ASSIGNMENT: The expected output is the full data, repeated exactly, without pictures.

DATA BELOW:
# # #

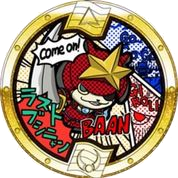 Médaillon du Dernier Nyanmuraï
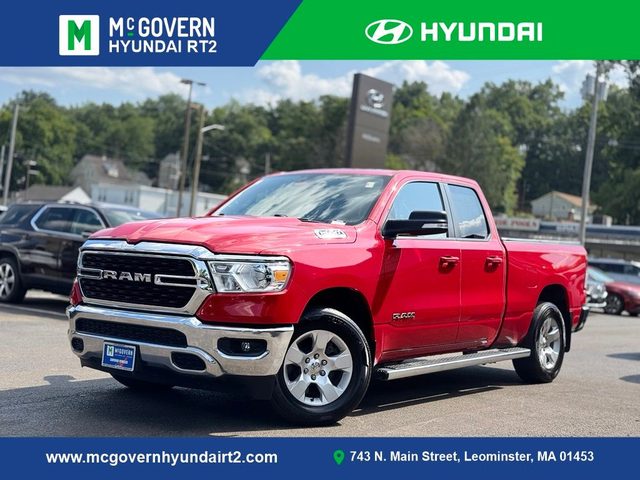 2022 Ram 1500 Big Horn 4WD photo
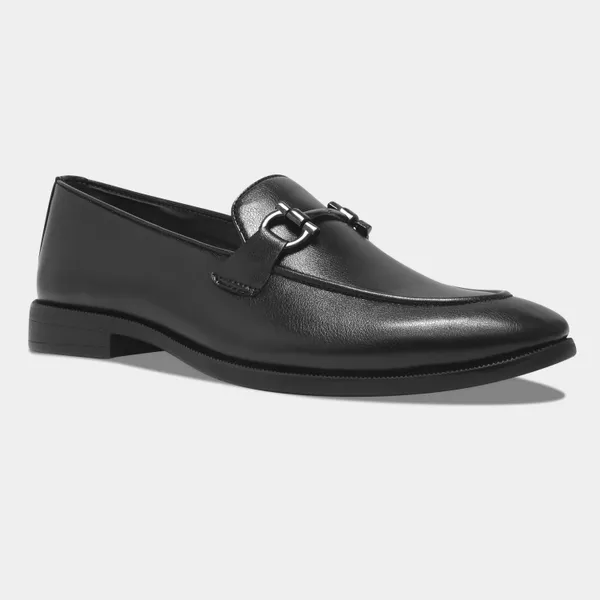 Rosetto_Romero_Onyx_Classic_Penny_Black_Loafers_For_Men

# # #

PROBLEM SOLUTION:
 Médaillon du Dernier Nyanmuraï
 2022 Ram 1500 Big Horn 4WD photo
 Rosetto_Romero_Onyx_Classic_Penny_Black_Loafers_For_Men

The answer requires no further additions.